While the variables explored in this study (i.e., teacher unfairness, parental emotional support, achieving motivation, test anxiety, collaboration and team work dispositions, disciplinary climate in class, economic, social, and cultural social status, and country) may not be the direct cause of the weakened sense of belonging observed in the PISA data that indicates a decline in reported sense of belonging since 2003, they are broader ecological social variables that warrant consideration and acknowledgement. A greater understanding of why we are observing a trend towards a decline in school belonging also requires urgent attention (OECD, 2019). Given the importance of collaboration and teamwork dispositions in the current study, another priority area for future research will be how schools can improve a student’s social and emotional competencies in these areas. The evaluation of interventions and development of strategies in the area of school belonging should be a consideration for future researchers.
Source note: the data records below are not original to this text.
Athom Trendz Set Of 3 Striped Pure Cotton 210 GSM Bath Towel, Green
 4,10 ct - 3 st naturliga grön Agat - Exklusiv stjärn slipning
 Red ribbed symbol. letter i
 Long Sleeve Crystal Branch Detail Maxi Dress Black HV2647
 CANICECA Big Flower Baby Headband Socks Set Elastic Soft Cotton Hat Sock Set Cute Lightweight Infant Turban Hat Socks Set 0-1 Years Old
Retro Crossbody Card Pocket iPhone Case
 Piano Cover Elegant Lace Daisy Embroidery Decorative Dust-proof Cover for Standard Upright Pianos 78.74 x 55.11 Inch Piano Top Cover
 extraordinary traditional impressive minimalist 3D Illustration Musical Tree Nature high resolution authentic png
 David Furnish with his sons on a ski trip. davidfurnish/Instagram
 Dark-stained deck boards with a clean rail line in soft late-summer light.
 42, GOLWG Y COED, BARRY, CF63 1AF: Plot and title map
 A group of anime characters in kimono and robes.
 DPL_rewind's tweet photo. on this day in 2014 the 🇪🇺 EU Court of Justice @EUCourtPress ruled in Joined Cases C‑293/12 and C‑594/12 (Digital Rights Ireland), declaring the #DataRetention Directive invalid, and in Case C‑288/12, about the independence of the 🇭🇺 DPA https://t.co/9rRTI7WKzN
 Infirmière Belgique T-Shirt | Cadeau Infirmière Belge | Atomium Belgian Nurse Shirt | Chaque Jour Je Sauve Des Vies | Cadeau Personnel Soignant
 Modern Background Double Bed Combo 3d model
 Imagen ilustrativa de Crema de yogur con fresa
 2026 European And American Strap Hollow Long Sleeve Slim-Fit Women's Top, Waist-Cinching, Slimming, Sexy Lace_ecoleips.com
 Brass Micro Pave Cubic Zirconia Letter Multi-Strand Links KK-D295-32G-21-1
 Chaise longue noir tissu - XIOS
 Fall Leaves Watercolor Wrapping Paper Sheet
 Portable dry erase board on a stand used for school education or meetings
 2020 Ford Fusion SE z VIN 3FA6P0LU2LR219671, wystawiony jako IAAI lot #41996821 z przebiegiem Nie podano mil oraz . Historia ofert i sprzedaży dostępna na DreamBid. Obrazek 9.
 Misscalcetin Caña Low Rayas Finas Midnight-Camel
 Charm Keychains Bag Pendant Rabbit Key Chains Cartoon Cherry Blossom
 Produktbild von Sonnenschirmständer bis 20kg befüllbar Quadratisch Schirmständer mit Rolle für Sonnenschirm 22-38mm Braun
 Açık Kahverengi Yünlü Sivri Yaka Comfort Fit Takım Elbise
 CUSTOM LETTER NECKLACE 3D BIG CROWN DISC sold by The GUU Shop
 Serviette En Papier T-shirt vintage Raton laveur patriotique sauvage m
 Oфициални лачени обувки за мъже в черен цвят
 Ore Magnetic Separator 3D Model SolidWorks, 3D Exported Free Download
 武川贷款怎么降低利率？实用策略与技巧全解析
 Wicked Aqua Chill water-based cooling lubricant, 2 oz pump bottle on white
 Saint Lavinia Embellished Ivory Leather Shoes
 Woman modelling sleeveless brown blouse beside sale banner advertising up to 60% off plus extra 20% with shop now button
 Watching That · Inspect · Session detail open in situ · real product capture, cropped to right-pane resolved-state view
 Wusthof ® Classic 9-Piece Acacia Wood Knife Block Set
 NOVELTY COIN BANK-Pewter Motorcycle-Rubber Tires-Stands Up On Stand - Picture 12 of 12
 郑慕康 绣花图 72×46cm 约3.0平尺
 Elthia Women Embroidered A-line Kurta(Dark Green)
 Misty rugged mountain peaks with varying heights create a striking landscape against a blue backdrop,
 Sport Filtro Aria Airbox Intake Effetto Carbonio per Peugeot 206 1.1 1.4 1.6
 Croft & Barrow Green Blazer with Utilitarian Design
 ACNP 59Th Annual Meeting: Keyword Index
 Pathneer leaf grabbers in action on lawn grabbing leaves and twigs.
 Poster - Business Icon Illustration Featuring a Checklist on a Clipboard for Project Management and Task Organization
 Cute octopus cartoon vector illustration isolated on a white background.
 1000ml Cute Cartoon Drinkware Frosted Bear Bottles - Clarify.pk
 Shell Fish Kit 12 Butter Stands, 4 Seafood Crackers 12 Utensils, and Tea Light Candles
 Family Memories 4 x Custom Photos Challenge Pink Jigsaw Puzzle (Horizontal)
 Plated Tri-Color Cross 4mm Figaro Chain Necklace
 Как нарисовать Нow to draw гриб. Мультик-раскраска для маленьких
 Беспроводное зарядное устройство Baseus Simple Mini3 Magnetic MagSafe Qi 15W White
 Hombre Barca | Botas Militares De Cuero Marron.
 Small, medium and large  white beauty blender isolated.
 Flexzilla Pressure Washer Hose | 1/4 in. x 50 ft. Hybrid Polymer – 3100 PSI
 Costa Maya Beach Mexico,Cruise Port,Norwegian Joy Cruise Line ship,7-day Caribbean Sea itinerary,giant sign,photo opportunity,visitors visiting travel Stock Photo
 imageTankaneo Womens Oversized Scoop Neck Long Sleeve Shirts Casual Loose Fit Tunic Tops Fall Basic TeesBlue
The present study sought to conduct an exploratory analysis of secondary data to examine the validity of the ecosystem model proposed by Allen et al. (2016; 2018). Findings from this study provide further evidence that there is a need to develop interventions designed to facilitate increased school belonging (Allen, Jamshidi et al., 2021). Future interventions may consider drawing on the current findings to emphasise the importance of teamwork and collaboration. This study reveals that simply engaging in teamwork and collaboration is not enough. Instead, interventions in the student layer must help create the desire to participate and, more importantly, focus on developing the skills needed to participate in teamwork effectively. An emphasis on social and emotional skills was also found to be important for successful peer and teacher relationships. In the microsystem layer, it may be crucial to address teacher unfairness at the school level. Reducing teacher stress and encouraging positive support techniques may be helpful, but the data available from the PISA survey was unable to confirm this. It is also important to highlight the significant impact of socio-economic status on school belonging. Tackling issues of social inequality based on economic, social and cultural status may be imperative for school belonging. For students who face educational inequality based on their race, socio-economic status or cultural heritage, targeting a sense of belonging in school may become critical to addressing disparities in school attendance and retention rates among students, irrespective of their background.

To conclude, no single strategy is sufficient on its own to bolster a sense of belonging in students. Further research is needed to better understand what factors nurture a sense of school belonging and what factors present as barriers. While schools should not necessarily promote additional responsibilities for school staff, we suggest that a focus on school belonging is something that can be absorbed into already existing practices and operations at school, given the multiple variables found to influence school belonging. Ultimately, a variety of systemic influences need to be addressed to develop an authentic school climate that effectively creates a sense of school belonging for all involved.